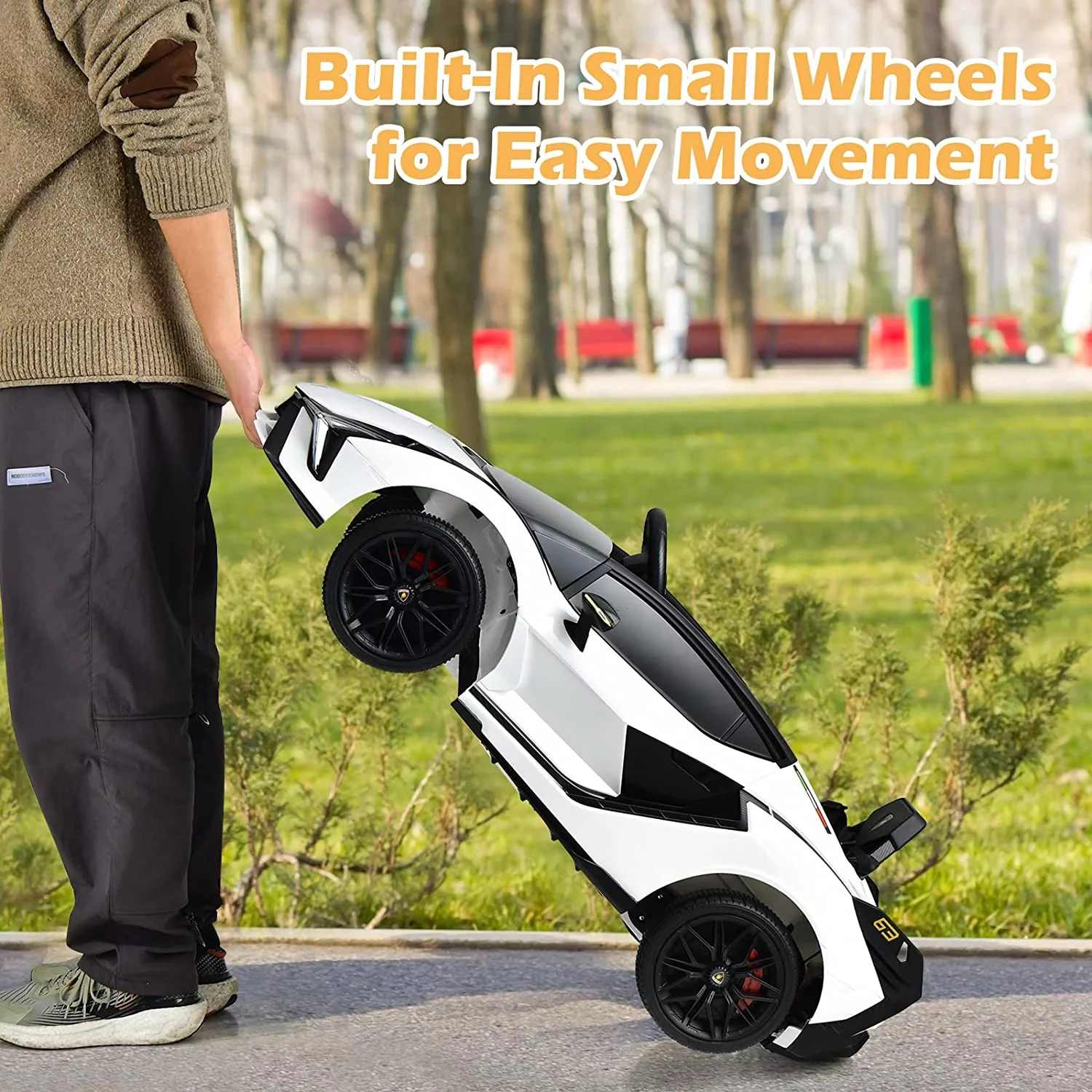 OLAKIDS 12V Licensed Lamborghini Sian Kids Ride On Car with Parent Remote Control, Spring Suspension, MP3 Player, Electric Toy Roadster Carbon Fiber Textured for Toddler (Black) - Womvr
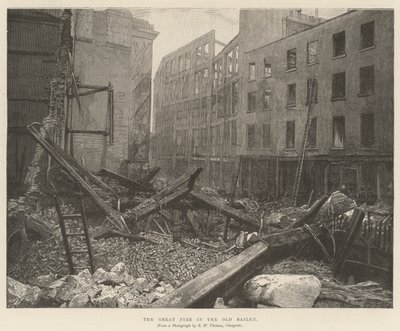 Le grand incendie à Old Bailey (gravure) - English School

--

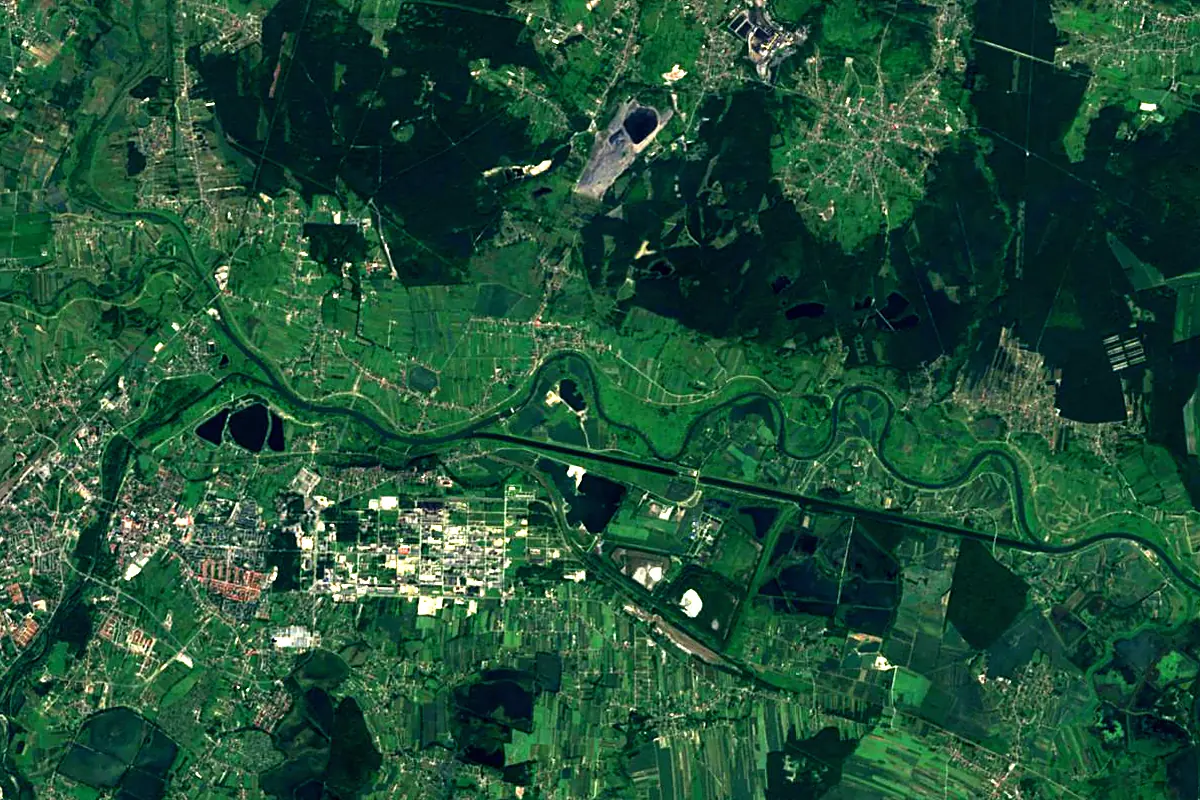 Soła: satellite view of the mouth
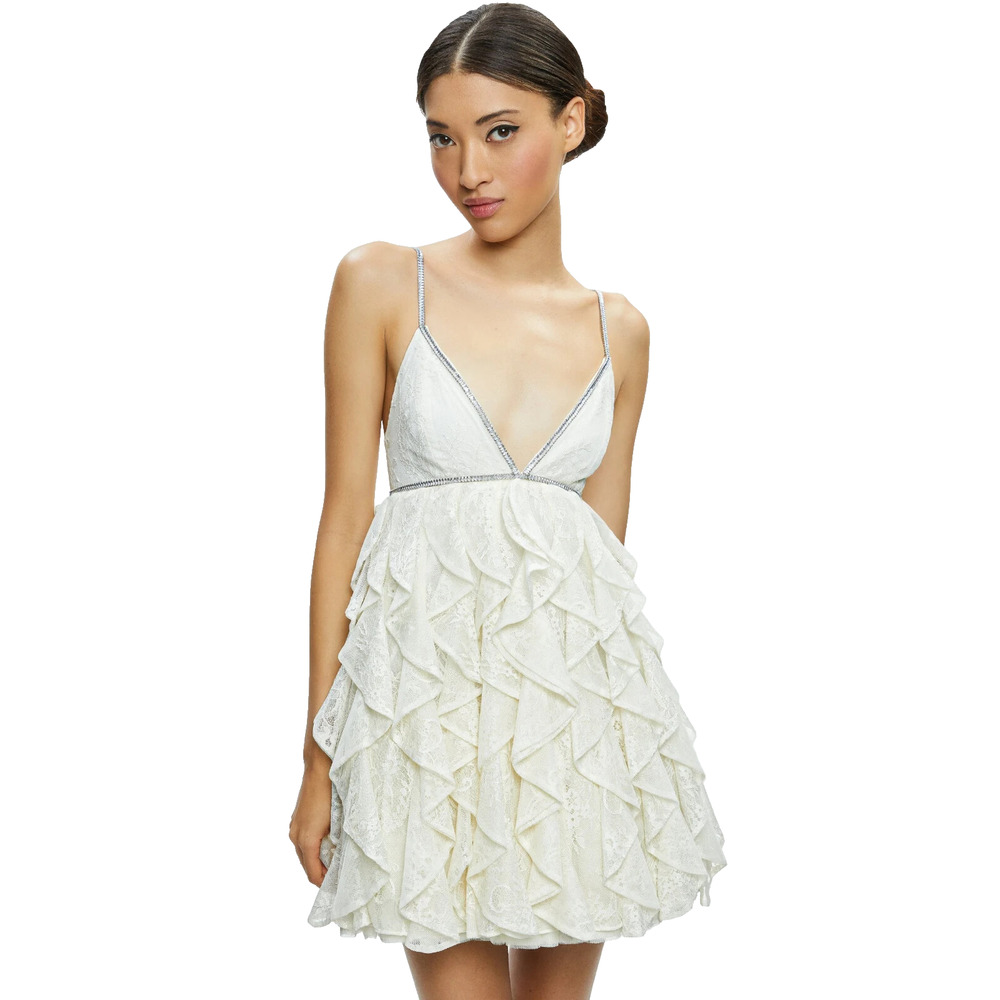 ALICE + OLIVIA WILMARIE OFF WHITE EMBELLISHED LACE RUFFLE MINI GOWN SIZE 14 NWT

---

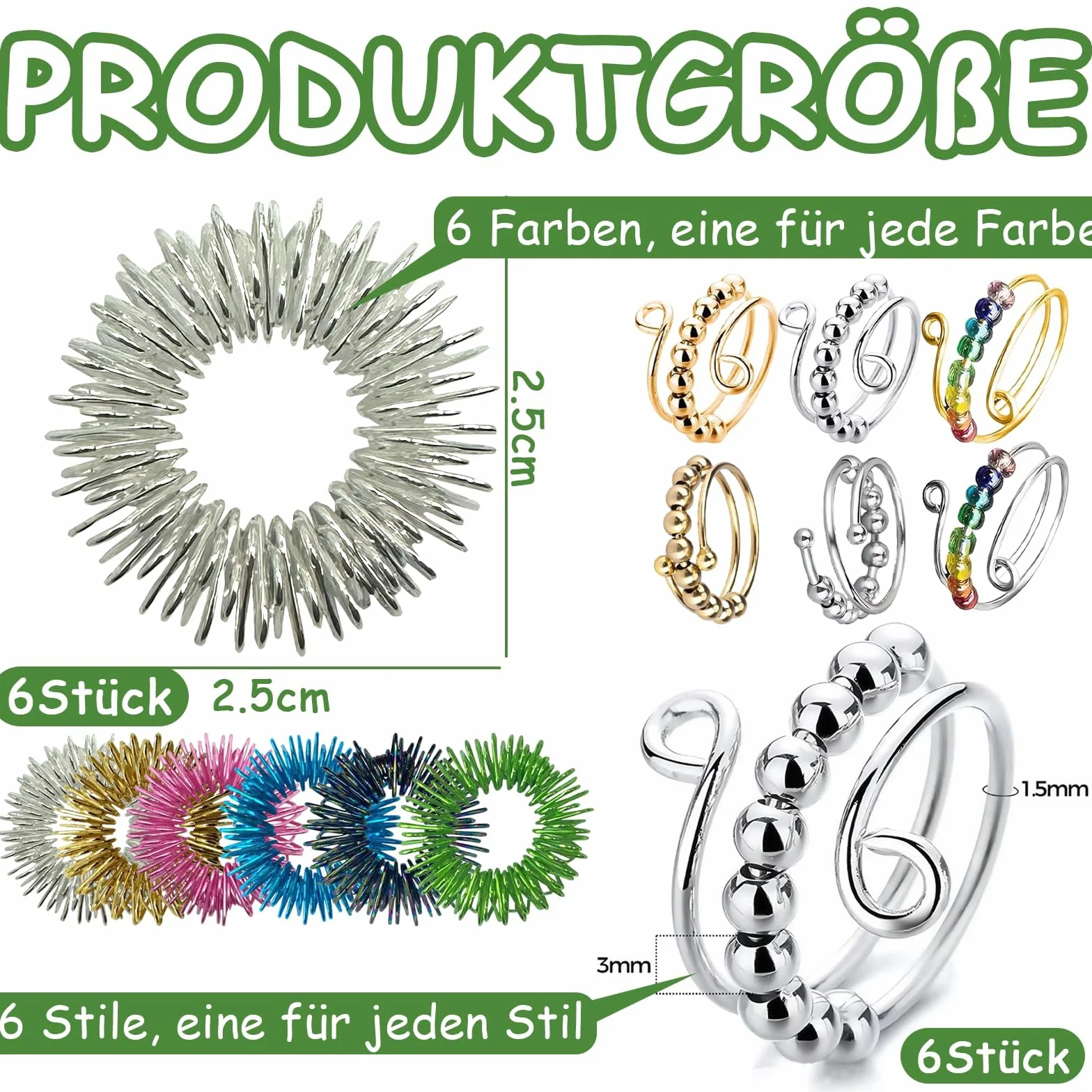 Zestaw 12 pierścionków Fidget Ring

WHAT YOU WILL DO → Skip every picture, and restate word for word only the lines above from the line containing "Soła: satellite view of the mouth" to the line containing "ALICE + OLIVIA", both of them included.

EXERCISE OUTPUT →
 Soła: satellite view of the mouth
 ALICE + OLIVIA WILMARIE OFF WHITE EMBELLISHED LACE RUFFLE MINI GOWN SIZE 14 NWT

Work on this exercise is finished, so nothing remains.